## Work task
From the line containing "2017 Ford Police" to the line containing "dori button cardigan" in the records below, set down every line exactly as it stands, both ends included, and skip the pictures.

## Data for the task
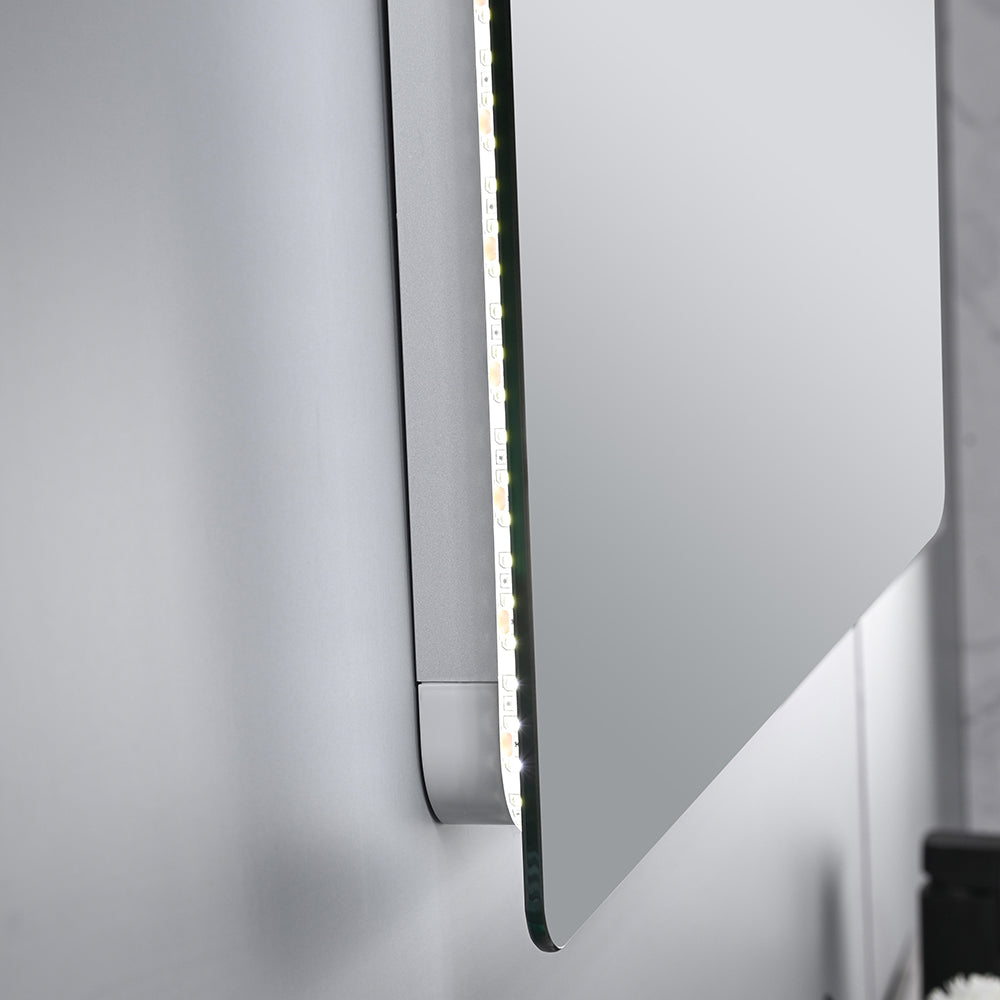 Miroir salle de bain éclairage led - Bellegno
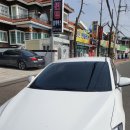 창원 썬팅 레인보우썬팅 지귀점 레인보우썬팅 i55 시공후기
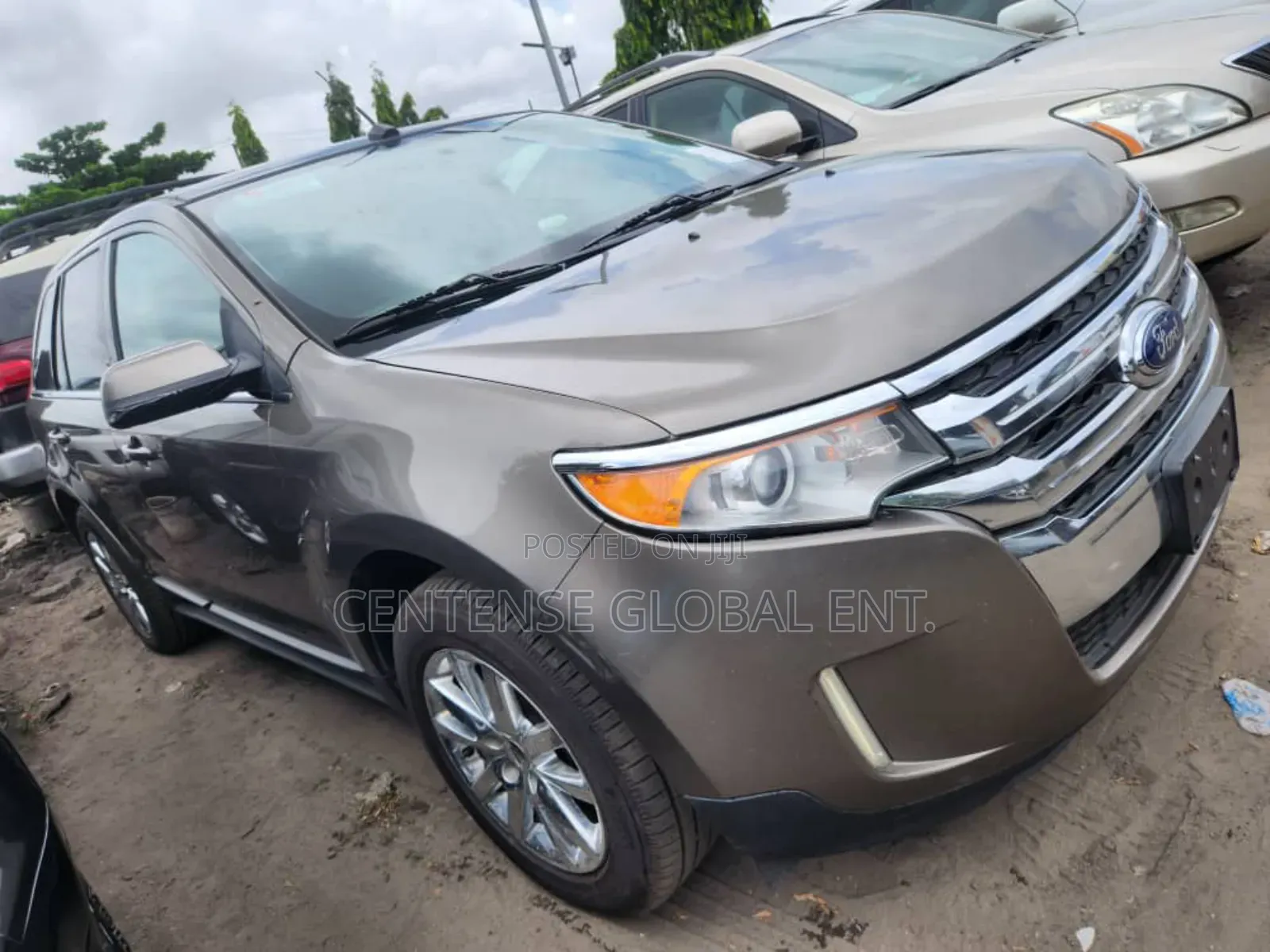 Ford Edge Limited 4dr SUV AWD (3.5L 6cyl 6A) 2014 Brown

--

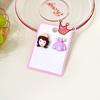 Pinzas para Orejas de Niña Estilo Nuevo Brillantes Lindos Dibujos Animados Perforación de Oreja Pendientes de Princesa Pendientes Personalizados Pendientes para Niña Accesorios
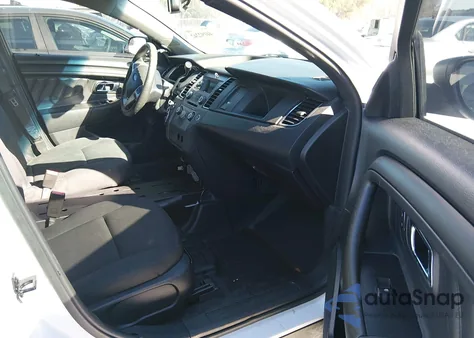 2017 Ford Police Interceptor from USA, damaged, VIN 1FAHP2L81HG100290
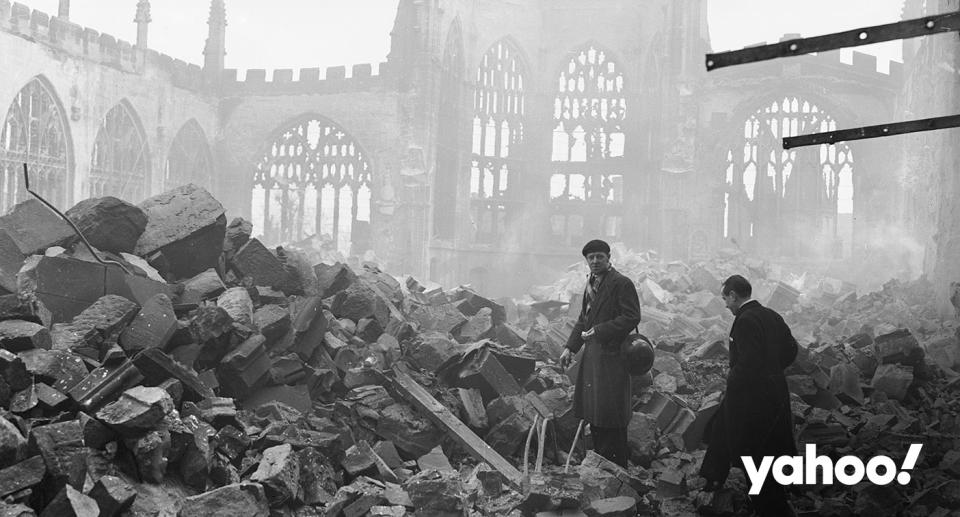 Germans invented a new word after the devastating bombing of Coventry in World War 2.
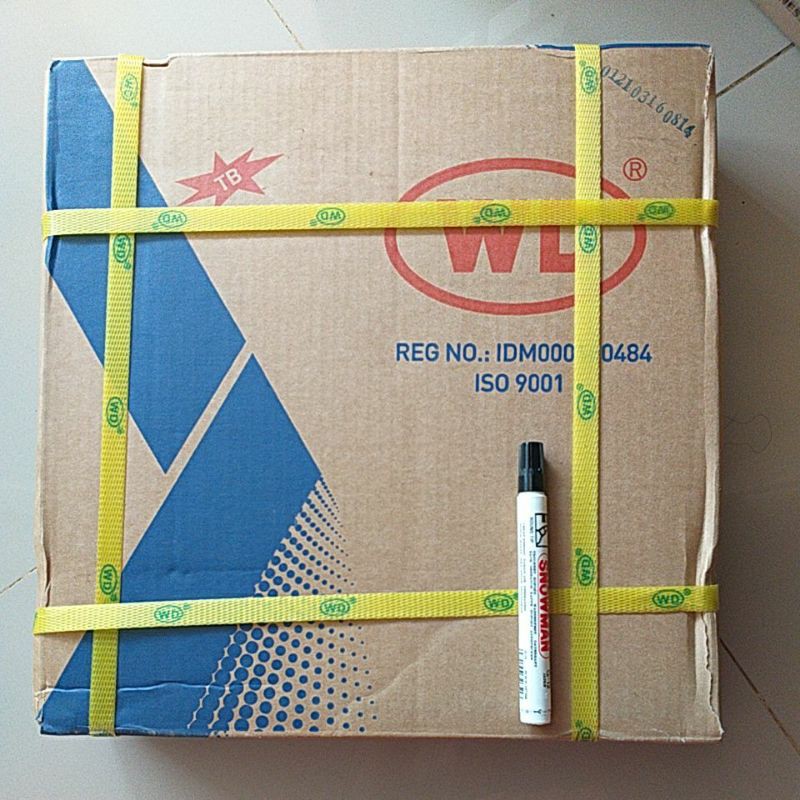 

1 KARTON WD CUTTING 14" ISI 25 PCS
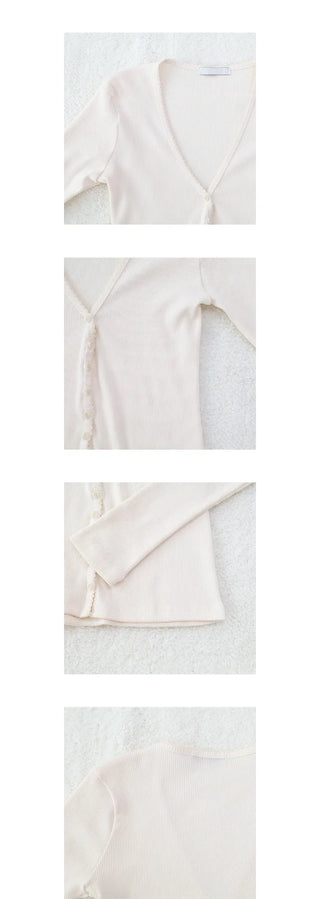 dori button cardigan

## Your response
 2017 Ford Police Interceptor from USA, damaged, VIN 1FAHP2L81HG100290
 Germans invented a new word after the devastating bombing of Coventry in World War 2.

1 KARTON WD CUTTING 14" ISI 25 PCS
 dori button cardigan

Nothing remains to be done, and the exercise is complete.